Celebration
I celebrated my 38th birthday a couple of weeks ago. Or, as my husband likes to point out, I’m now in my 39th year (thanks, Love). Generally speaking, I’m not one to freak out about age. Anyone’s age. I truly see it as relative. But sometimes the body doesn’t lie and you end up feeling exactly as old as you are. That can be good or bad, depending on what you’re feeling, of course. One of the great pleasures I have in my life is being able to say, “I choose to be childfree.” This birthday made me realize that someday it will no longer be a choice. Someday, my body will make that decision for me. And then it becomes just a fact. In a blink of an eye (or a flip of the hormone switch) my statement, my proud declaration of a zero spawn count, goes from being one of empowerment to being one of clarification. And that bums me out.

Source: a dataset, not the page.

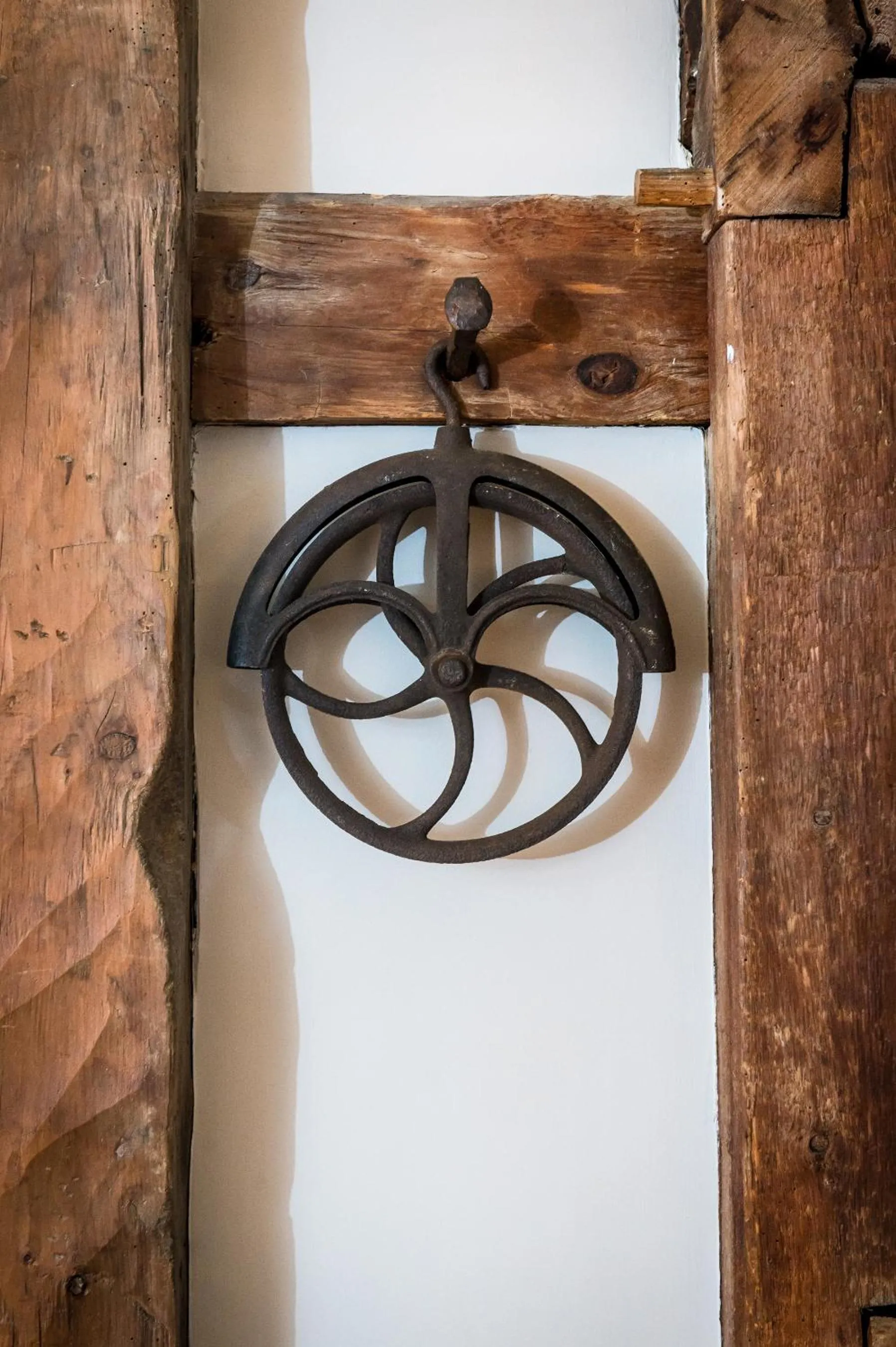 Decorative detail in Three Chimneys Inn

Don’t get me wrong; I’m looking forward to the time when there is no way in hell I can get pregnant. After decades of trying to avoid procreation, it will be nice to sit back, sink into the hot flashes and facial hair growth, and watch the next generation or two try to maneuver their way around their fertile years. But I take pride in the fact that I live my life very purposefully, putting thought and effort behind every step I take. To have my uterus taken over by time seems sort of lazy to me. Or rather passive. And that’s just not me. I didn’t even let my husband’s vasectomy fool me into a false sense of sterility. Short of yanking out the testicles, it seems like it’s just leaving it to chance. He’s still cranking out sperm and there’s always the possibility that it could jump the vas deferens chasm and end up bunking down in one of my eggs. The odds of that happening are less than a 1%, but it’s still a chance. And I leave nothing to chance. “Besides,” I told him, “Even if your vasectomy holds, that just means you can’t have children. I still can.”

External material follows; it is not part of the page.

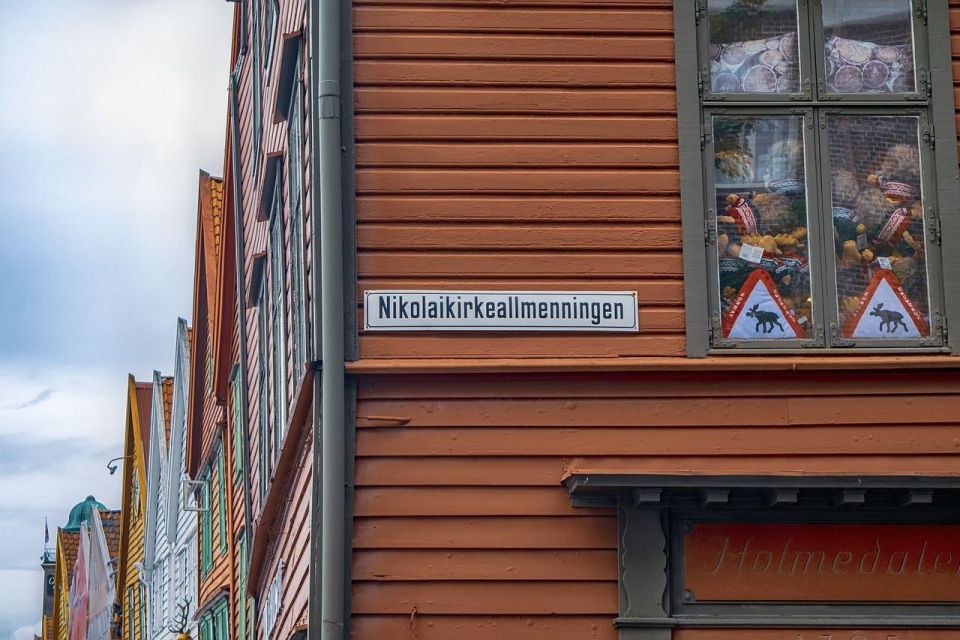 Bergen Private Walking Tour - Directions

At least for now. Even at 38, I could be a baby-making machine if I wanted to. Even at 38, when I say, “I choose to be childfree,” it is quite literal. I’m not sure at what birthday, neither of those will be true. But for now, I’ll revel in the fact that they are. And I’ll revel in the fact that regardless of my age, I will always be bound and determined to shape my life and not the other way around. Regardless of what my body wants to do.